Status: active
When to use this runbook: deploying log aggregation for a Powernode environment, adding a new service to log routing, debugging why expected logs aren't showing up in Grafana.
- Stack overview
- Loki + Promtail deployment
- Grafana datasource wiring
- Retention
- Log labels and queries
- Application logging conventions
- Metrics (Prometheus)
- Troubleshooting
Powernode ships configuration scaffolding for a Grafana-Loki-Promtail-Prometheus stack. Operators run the actual containers themselves — the repo does not deploy them.
| Component | Repo config | Role |
|---|---|---|
| Loki | configs/logging/loki-config.yml |
Log storage + query (port 3100) |
| Promtail | configs/logging/promtail-config.yml |
Log shipper, reads the systemd journal + service log files (port 9080) |
| Grafana | configs/monitoring/grafana-datasources.yml, configs/monitoring/grafana-dashboards.yml |
UI + alerting |
| Prometheus | (operator-deployed) | Metrics scrape + storage (port 9090, default Grafana datasource) |
The configs assume single-node defaults (replication_factor: 1, filesystem storage). For multi-host fleets, scale via the Loki microservices mode — repo configs are operator-extensible.
Loki, Promtail, and Grafana are third-party services, independent of Powernode's own systemd deployment — run them however you like (containers are simplest). A minimal single-host Compose file for just these tools:
services:
loki:
image: grafana/loki:2.9.0
ports:
- "3100:3100"
volumes:
- ./configs/logging/loki-config.yml:/etc/loki/local-config.yaml:ro
- loki-data:/tmp/loki
command: -config.file=/etc/loki/local-config.yaml
restart: unless-stopped
promtail:
image: grafana/promtail:2.9.0
volumes:
- ./configs/logging/promtail-config.yml:/etc/promtail/config.yml:ro
- /var/log:/var/log:ro
- /var/log/journal:/var/log/journal:ro
- /etc/machine-id:/etc/machine-id:ro
command: -config.file=/etc/promtail/config.yml
depends_on:
- loki
restart: unless-stopped
volumes:
loki-data:Bring it up:
docker compose -f docker-compose.observability.yml up -d
docker compose -f docker-compose.observability.yml logs -f loki | head -30 # smokePromtail's powernode-journal job keeps only powernode-*.service units from the systemd
journal (via a relabel_configs keep), so the platform's own logs flow in automatically —
no per-service opt-in. Separate file/syslog jobs cover apt-installed dependencies (nginx,
PostgreSQL, Redis). This scoping avoids shipping unrelated journal noise to Loki and
ballooning storage.
The shipped configs/monitoring/grafana-datasources.yml provisions Prometheus as the default datasource. Loki is commented out — uncomment when deploying Loki:
# Edit configs/monitoring/grafana-datasources.yml — uncomment:
- name: Loki
type: loki
access: proxy
url: http://loki:3100
isDefault: false
version: 1
editable: trueMount the file into your Grafana container at /etc/grafana/provisioning/datasources/datasources.yml and restart Grafana to pick it up.

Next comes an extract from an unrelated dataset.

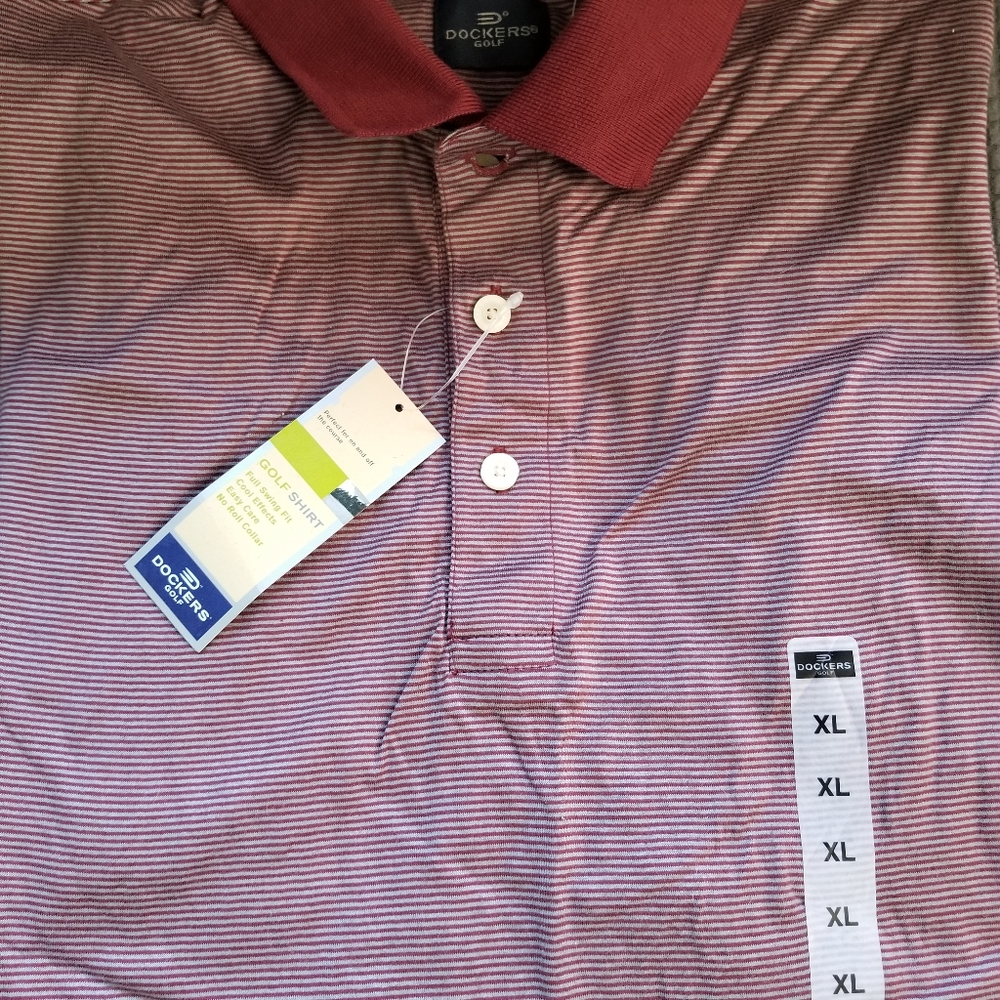 Men's Dockers Golf Shirt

| Layer | Default | Configured in | How to change |
|---|---|---|---|
| Loki logs | 7 days | configs/logging/loki-config.yml (retention_period: 168h) |
Edit value, restart Loki |
| Loki compactor sweep | every 10 min | same file (compaction_interval) |
rarely changed |
| Promtail positions | persistent | /tmp/positions.yaml inside Promtail container |
use a named volume to survive restarts |
For compliance regimes that require longer retention (PCI: 1 year minimum), increase retention_period and ensure storage volume is sized accordingly. The compactor will free disk space automatically once retention_delete_delay: 2h has elapsed.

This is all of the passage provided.